What about Theorem 2? It goes back at least to here:

• Barry C. Arnold, Majorization and the Lorenz Order: A Brief Introduction, Springer Lecture Notes in Statistics 43, Springer, Berlin, 1987.

The partial order on probability distributions given by majorization is also called the ‘Lorenz order’, but mainly when we consider probability distributions on infinite sets. This name presumably comes from the Lorenz curve, a measure of income inequality. This curve shows for the bottom x% of households, what percentage y% of the total income they have:

Puzzle 2. If you’ve got two different probability distributions of incomes, and one majorizes the other, how are their Lorenz curves related?

When we generalize majorization by letting some other probability distribution take the place of

$\displaystyle{ p_0 = (\frac{1}{n}, \dots, \frac{1}{n}) }$

it seems people call it the ‘Markov order’. Here’s a really fascinating paper on that, which I’m just barely beginning to understand:

• A. N. Gorban, P. A. Gorban and G. Judge, Entropy: the Markov ordering approach, Entropy 12 (2010), 1145–1193.

What about Theorem 3? Apparently it goes back to here:

• A. Uhlmann, Wiss. Z. Karl-Marx-Univ. Leipzig 20 (1971), 633.

though I only know this thanks to a more recent paper:

• Michael A. Nielsen, Conditions for a class of entanglement transformations, Phys. Rev. Lett. 83 (1999), 436–439.

By the way, Nielsen’s paper contains another very nice result about majorization! Suppose you have states $\psi$ and $\phi$ of a 2-part quantum system. You can trace out one part and get density matrices describing mixed states of the other part, say $D_\psi$ and $D_\phi$. Then Nielsen shows you can get from $\psi$ to $\phi$ using ‘local operations and classical communication’ if and only if $D_\phi$ majorizes $D_\psi$. Note that things are going backwards here compared to how they’ve been going in the rest of this post: if we can get from $\psi$ to $\phi$, then all forms of entropy go down when we go from $D_\psi$ to $D_\phi$! This ‘anti-second-law’ behavior is confusing at first, but familiar to me by now.

When I first learned all this stuff, I naturally thought of the following question—maybe you did too, just now.
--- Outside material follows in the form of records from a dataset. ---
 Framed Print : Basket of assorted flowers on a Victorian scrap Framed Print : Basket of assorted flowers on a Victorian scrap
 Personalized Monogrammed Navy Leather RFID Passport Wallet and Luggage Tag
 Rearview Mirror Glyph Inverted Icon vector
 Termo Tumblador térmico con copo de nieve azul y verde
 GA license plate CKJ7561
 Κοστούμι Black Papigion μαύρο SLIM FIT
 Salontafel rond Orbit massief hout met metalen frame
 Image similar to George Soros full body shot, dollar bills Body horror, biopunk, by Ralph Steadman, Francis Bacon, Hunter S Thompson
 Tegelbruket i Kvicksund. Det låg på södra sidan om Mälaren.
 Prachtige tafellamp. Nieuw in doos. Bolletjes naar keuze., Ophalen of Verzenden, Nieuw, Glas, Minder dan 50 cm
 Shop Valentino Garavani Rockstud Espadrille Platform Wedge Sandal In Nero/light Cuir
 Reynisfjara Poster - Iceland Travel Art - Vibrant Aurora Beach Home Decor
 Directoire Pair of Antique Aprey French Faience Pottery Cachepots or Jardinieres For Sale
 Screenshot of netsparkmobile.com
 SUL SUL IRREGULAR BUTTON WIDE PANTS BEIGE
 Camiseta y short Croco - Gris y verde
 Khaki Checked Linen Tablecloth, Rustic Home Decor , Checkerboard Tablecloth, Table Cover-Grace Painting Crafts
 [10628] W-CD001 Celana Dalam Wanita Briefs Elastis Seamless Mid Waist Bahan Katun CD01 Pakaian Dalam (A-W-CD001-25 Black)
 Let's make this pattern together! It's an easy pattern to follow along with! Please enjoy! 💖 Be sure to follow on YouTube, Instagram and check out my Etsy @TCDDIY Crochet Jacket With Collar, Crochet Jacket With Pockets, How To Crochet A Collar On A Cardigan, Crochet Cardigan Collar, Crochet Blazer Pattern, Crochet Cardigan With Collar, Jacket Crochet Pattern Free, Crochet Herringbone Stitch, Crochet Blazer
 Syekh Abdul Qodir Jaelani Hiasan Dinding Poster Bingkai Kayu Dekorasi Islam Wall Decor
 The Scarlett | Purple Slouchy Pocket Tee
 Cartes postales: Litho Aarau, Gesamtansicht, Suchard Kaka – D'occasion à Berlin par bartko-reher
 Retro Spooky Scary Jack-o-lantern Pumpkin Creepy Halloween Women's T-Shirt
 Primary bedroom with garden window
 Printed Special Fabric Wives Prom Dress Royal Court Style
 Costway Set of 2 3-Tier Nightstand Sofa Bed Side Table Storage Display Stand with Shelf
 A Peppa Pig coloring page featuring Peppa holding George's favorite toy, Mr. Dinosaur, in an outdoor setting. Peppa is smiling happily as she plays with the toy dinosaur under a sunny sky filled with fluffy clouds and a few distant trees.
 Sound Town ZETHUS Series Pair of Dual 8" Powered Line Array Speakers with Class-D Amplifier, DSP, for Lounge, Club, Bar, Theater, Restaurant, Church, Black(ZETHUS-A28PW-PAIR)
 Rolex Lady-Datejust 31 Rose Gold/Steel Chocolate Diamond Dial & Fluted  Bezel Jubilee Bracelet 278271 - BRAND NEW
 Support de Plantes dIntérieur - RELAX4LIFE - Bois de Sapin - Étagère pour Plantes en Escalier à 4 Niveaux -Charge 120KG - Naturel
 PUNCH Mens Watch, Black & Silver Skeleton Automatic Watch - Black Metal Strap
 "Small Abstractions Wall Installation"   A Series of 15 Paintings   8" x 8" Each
If $p, q \in \mathbb{R}^n$ are probability distributions and

$\displaystyle{ H_\beta(p) \le H_\beta(q) }$

for all $0 \le \beta < \infty$, is it true that $p$ majorizes $q$?

Apparently the answer must be no, because Klimesh has gone to quite a bit of work to obtain a weaker conclusion: not that $p$ majorizes $q$, but that $p \otimes r$ majorizes $q \otimes r$ for some probability distribution $r \in \mathbb{R}^m.$ He calls this catalytic majorization, with $r$ serving as a ‘catalyst’:

I thank Vlatko Vedral here at the CQT for pointing this out!

Finally, here is a good general introduction to majorization, pointed out by Vasileios Anagnostopoulos:

• T. Ando, Majorization, doubly stochastic matrices, and comparison of eigenvalues, Linear Algebra and its Applications 118 (1989), 163-–248.